Sabtu, 05 Desember 2009

Kebohongan

Tulisan ini saya muat sebagai pencerahan opini dari obrolan ringan via telepon dengan seseorang yang tak henti-hentinya menyemangati saya untuk terus menerus berbagi sekecil apapun. Mudah-mudahan tulisan ini menjadi wujud apresiasi saya sebagai bagian dari orang yang sedang belajar berbagi.

Dusta atau kebohongan adalah penyimpangan sikap yang sering dilakoni oleh setiap kita sebagai makhluk yang menginginkan kesempurnaan dalam meraih simpati, apresiasi, penyelamatan diri, dan kelayakan untuk lebih unggul dari siapapun yang menjadi ‘lawan’ dalam perhelatan arena hidup. Berapa banyak biaya yang dikeluarkan, energi yang terkuras, maupun stakeholders – bagian terkait dari kebohongnnya - yang dirugikan akan ditempuh sebagai cara-cara yang seolah ‘halal’. Seorang yang melakoni kebohongan akan rela melakukan apapun untuk menutupi kebohongannya, kendati dengan itu melahirkan kebohongan lain dan kontraksi keadaan yang lebih menyimpang.

Bohong – dalam wikipedia bahasa Indonesia - merupakan pernyataan yang keliru untuk membuat ‘lawan bicaranya’ menjadi percaya dengan semua yang dituturkan. Fiksi meskipun salah, tetapi tidak bisa disebut kebohongan.

Terlepas dari jenis, kapasitas, dan faktor yang melatarbelakanginya, sangat sulit kita menghindar secara frontal terhadap keadaan yang ‘memaksa’ untuk melakukan kebohongan. Walaupun pelaku kebohongan akan mempertaruhkan kesempatan, karir, jabatan, untuk melancarkan kebohongannya itu. Lihatlah seorang koruptor yang mempertaruhkan jabatanya saat mengambil maupun menerima ‘upeti’, lihatlah seorang akunting yang mempertaruhkan posisinya ketika ia melakukan rekayasa laporan keuangan, lihatlah seorang pedagang yang mempertaruhkan loyalitas pelanggannya saat ia mengurangi takaran. Semua yang mereka lakukan pemicunya selalu sama dan klasik, meraih kepuasan kredibilitas – sebuah harga mati untuk nilai ideal kepercayaan - terhadap individu dan sosial, maka kebohongan dinilai sebagai kewajaran. Sehingga menjadi terbisa menyembunyikan kebenaran yang sederhana untuk sebuah implikasi yang besar.

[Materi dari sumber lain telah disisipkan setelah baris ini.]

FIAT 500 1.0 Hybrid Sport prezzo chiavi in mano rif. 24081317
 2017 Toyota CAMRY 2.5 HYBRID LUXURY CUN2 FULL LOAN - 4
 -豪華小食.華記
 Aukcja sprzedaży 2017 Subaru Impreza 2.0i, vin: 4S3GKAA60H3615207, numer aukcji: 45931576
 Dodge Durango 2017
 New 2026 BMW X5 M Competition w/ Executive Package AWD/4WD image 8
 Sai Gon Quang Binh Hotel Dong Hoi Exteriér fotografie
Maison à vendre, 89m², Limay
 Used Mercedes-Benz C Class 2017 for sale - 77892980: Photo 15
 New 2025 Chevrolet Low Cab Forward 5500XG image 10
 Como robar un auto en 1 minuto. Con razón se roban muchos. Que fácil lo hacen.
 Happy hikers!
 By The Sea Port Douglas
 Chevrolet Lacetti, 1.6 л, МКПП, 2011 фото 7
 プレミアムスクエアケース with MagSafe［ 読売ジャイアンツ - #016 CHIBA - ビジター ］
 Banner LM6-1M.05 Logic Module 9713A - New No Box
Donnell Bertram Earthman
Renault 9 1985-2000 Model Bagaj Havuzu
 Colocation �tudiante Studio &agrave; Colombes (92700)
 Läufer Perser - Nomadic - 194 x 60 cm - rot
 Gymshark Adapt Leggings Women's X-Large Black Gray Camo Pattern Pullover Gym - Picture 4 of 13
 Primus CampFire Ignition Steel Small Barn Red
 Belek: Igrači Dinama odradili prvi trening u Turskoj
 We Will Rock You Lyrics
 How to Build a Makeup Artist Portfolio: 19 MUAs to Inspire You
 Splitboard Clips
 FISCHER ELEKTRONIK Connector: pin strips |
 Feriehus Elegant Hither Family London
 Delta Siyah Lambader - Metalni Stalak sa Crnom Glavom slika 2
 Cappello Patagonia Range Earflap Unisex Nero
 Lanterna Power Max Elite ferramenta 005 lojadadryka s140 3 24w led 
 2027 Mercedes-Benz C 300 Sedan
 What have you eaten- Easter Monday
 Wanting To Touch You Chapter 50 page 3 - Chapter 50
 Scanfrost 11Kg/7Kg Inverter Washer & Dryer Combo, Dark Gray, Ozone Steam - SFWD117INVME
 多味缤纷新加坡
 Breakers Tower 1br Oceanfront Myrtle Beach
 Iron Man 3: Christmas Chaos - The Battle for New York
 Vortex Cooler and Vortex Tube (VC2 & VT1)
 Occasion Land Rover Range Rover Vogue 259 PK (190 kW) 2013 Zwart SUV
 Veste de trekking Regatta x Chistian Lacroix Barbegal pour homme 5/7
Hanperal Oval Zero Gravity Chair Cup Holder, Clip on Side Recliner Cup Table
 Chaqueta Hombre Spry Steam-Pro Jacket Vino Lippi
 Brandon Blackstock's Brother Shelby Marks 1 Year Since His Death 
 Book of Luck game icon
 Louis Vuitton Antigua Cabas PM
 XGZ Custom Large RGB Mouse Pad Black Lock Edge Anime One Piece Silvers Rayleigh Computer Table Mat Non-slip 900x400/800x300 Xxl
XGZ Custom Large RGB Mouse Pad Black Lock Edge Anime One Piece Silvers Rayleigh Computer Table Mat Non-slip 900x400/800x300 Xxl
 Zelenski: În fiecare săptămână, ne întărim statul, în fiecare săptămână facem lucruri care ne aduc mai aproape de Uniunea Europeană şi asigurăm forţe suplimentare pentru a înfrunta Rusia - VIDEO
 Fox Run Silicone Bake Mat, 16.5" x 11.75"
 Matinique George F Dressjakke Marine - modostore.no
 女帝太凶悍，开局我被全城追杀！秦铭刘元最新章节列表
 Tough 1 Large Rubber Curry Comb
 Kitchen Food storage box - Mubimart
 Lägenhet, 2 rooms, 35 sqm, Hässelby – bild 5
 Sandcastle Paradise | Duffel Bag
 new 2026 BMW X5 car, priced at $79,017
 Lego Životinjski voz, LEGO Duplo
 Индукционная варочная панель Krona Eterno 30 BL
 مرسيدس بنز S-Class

Kebohongan – saya menyebutnya perselingkuhan hati. Tanpa kita harus menggariskan identitas untuk mengidentifikasi keadaan yang benar secara runtut dan rumit, cukuplah hati yang memberi kejelasan atas sebuah kebenaran dan kesalahan. Dia keadilan untuk setiap dakwaan, argumentasi terkuat untuk menyatakan benar dan salah, dan penyeimbang dalam kata dan perbuatan – Hati adalah hakim yang tak pernah membohongi setiap kebohongan. Saat kita mengatakan “Ya” atas sesuatu yang “tidak” maka hati akan secara naluriah berteriak sangat keras hingga membuat jiwa gelisah dan gundah.

Setiap hasil yang diperoleh dengan jalan kebohongan tak pernah memberi ruang kenyamanan dan kepuasan, karena hati yang menerima bukan raga. Ketakutan yang paling besar – ditimbulkan hati – bagi seorang pembohong bukan kerugian fisik, melainkan kerugian nonmaterial yang bisa diinterpertasikan sebagai kepercayaan. Saat kebohongannya terkuak, ada 2 pilihan yang bisa ditempuh bagi seorang pembohong, pertama, tetap berbohong untuk menyelamatkan kebohonganya, kedua, mengatakan yang sebenarnya secara utuh walaupun dengan itu resikonya lebih besar.

*****
Arini, seorang gadis desa yang lugu, jujur, memahami hidup tak lebih dari apa yang ia kenal tanpa berharap lebih menyelaminya diluar jangkauan kesanggupan. Setahun lalu ia menikah dengan seorang pria yang datang jauh dari tempat ia berteduh, disebuah kota yang tentu tak pernah mirip sekalipun disamakan dengan kehidupan desa. Ia begitu percaya terhadap suami yang ia junjung sebagai imam dan teladan keluarga. 2 tahun menikah, Tuhan mengkaruniakannya seorang anak hingga menambah kerekatan keluarga yang ia bina. Disaat-saat kebahagaian sedang menyapa dalam hari-harinya, selang beberapa bulan sejak anak pertamanya lahir datang seorang wanita yang tak pernah ia kenal.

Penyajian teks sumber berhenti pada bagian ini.